= Task requirements =
Please give the lines below again exactly as they stand, from the one that contains "Hey guys, this" up to and including the one that contains "This is the", leaving all pictures out.
[Opening Data under study section]
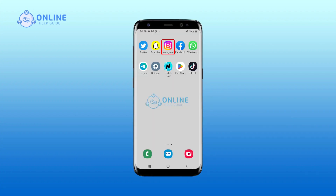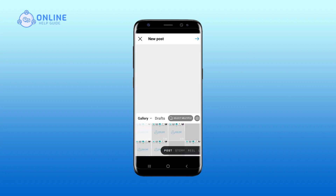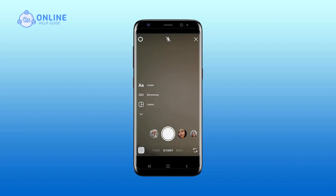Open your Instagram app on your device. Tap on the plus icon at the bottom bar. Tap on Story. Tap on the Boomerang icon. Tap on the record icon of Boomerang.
[Closing Data under study section]
[Opening Data under study section]
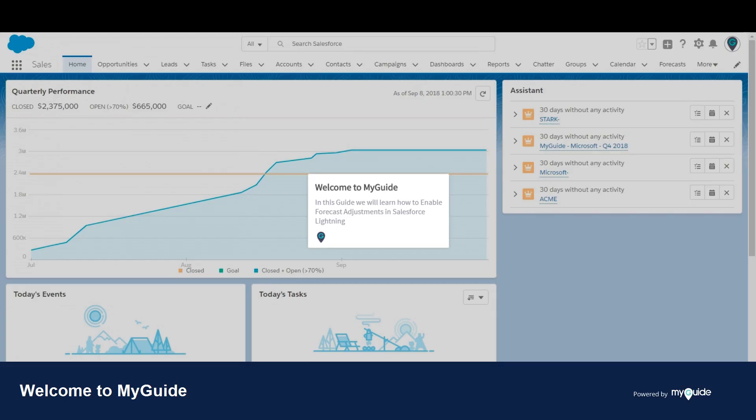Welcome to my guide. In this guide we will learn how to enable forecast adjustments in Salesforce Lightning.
[Closing Data under study section]
[Opening Data under study section]
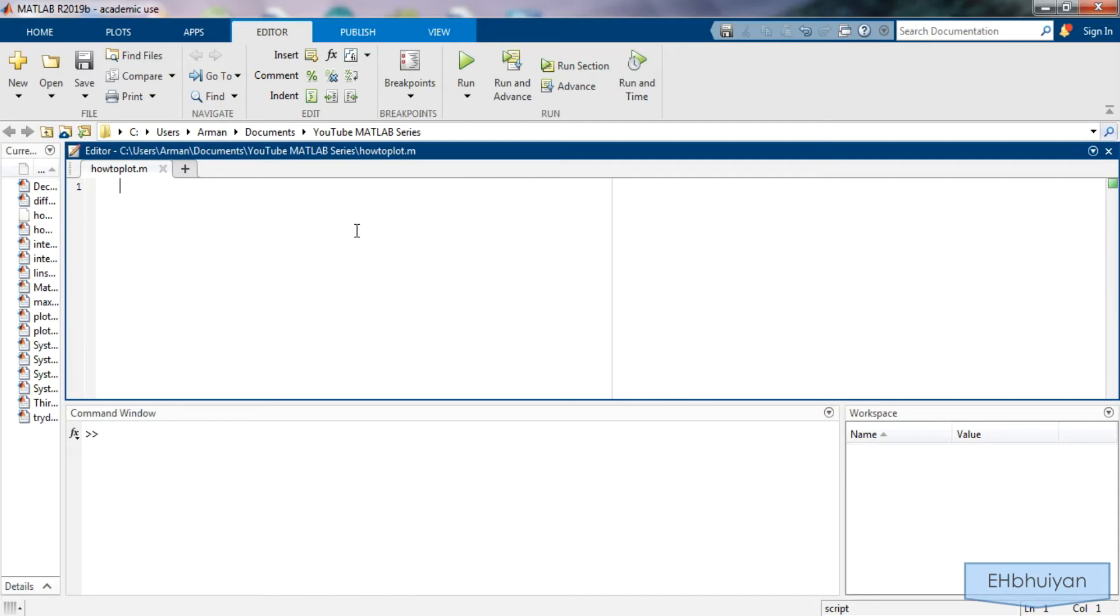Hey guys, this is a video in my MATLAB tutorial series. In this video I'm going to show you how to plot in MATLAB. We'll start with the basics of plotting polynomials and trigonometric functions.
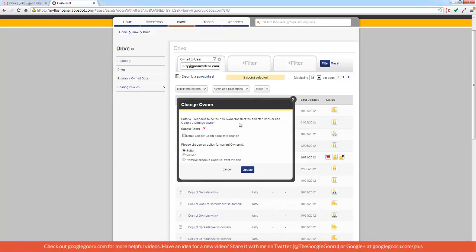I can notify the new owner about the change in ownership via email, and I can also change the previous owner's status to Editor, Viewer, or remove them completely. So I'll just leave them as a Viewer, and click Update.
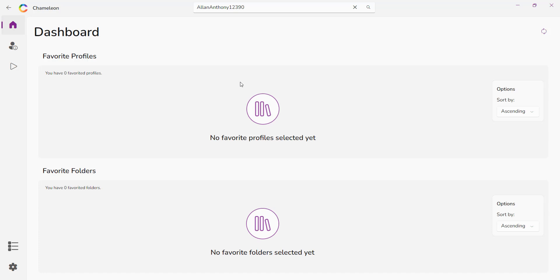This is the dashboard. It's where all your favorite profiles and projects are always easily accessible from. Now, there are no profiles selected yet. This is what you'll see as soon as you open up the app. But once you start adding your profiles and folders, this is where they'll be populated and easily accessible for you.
[Closing Data under study section]
= Exercise result =
Hey guys, this is a video in my MATLAB tutorial series. In this video I'm going to show you how to plot in MATLAB. We'll start with the basics of plotting polynomials and trigonometric functions.
I can notify the new owner about the change in ownership via email, and I can also change the previous owner's status to Editor, Viewer, or remove them completely. So I'll just leave them as a Viewer, and click Update.
This is the dashboard. It's where all your favorite profiles and projects are always easily accessible from. Now, there are no profiles selected yet. This is what you'll see as soon as you open up the app. But once you start adding your profiles and folders, this is where they'll be populated and easily accessible for you.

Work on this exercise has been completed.